Furthermore, such a strategy had only a limited ability to reduce the mass unemployment and underemployment that typified Nepal's society.
Widespread unemployment and underemployment, which fuelled poverty, further were exacerbated by continued rapid population growth.
Despite a long-term and vigorous family planning programme, the population has been growing at an increasing rate.
The people: The large-scale migrations of Mongoloid groups from Tibet and Indo-Aryan people from northern India, which accompanied the early settlement of Nepal, have produced a diverse linguistic, ethnic, and religious pattern. Nepalese of Indo-Aryan ancestry comprise the people of the Tarai, the Pahari, the Newar, and the Tharus--the great majority of the total population.

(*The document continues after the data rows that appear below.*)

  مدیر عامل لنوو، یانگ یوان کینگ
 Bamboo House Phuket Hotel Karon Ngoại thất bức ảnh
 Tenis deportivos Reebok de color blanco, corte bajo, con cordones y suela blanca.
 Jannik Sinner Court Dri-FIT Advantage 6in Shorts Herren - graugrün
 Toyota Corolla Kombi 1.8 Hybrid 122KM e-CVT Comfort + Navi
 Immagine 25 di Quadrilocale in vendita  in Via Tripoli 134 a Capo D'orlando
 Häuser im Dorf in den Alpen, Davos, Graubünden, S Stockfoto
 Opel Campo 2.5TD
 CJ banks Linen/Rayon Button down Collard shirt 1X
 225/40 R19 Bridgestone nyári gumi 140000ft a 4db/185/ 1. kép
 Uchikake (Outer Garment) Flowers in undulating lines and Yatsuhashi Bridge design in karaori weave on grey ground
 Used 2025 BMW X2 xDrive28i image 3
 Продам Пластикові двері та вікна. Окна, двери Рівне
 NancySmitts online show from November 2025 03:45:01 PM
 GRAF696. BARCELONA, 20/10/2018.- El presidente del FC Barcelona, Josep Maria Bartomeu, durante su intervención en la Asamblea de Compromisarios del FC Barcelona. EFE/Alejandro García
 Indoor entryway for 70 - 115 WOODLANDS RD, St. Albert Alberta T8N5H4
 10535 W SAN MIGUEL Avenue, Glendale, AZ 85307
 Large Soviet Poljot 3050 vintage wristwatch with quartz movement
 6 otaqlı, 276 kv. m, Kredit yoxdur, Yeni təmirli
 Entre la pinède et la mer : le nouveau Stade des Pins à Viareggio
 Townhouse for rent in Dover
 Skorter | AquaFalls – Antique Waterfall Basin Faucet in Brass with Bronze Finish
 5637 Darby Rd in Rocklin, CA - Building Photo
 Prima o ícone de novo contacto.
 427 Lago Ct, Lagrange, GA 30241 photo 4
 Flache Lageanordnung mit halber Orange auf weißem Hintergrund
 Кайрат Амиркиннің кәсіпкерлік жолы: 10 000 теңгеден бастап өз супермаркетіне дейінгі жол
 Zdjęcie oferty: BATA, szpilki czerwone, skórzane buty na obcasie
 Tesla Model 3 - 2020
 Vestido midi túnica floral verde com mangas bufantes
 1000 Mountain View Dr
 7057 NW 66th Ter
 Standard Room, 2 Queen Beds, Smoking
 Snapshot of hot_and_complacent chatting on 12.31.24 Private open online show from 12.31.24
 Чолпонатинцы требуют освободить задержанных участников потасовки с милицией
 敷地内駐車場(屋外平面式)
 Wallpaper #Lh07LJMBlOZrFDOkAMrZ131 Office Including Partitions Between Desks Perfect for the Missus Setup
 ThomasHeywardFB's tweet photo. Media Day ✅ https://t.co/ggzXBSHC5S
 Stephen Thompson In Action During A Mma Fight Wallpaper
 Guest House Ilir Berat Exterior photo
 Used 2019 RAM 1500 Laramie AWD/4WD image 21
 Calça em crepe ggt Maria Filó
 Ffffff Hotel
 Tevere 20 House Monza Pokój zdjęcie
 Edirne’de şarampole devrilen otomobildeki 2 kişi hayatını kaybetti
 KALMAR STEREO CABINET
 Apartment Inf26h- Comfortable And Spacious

Indo-Aryan ancestry has been a source of prestige in Nepal for centuries, and the ruling families have been of Indo-Aryan and Hindu background. Most of the Tibeto-Nepalese groups--the Tamang, Rai, Limbu, Bhutia (including the Sherpa), and Sunwar--live in the north and east, while the Magar and Gurung inhabit west-central Nepal.
The bulk of the famous Gurkha contingents in the British Army have come from the Magar, Gurung, and Rai groups. The principal and official language of Nepal is Nepali (Gorkhali), spoken in the Tarai and the mid-mountain region.
Nepali, a derivative of Sanskrit, belongs to the Indo-Aryan branch of the Indo-European family. There are a number of regional dialects found in the Tarai and mountain areas. The languages of the north and east belong predominantly to the Tibeto-Burman family.
These include Magar, Gurung, Rai, Limbu, Sunwar, Tamang, Newari, and a number of Bhutia dialects, including Sherpa and Thakali. Although Newari is commonly placed in the Tibeto-Burman family, it was influenced by both Tibeto-Burman and Indo-European languages.
In Nepal, a vast majority of the population is Hindu, but a small percentage follows Buddhism or other religious faiths. Hindus and Buddhists tend to be concentrated in areas where Indian and Tibetan cultural influences, respectively, have been dominant.
Almost all Nepalese live in villages or in small market centres. Outside of Kathmandu, there are no major cities. Smaller urban centres (Biratnagar, Nepalganj, and Birganj) are located in the Tarai along the Indian border, and Pokhara is situated in a valley in the mid-mountain region. In addition, a few townships--such as Hitaura, Butwal, and Dharan--have begun to emerge in the foothills and hill areas, where economic activity has developed.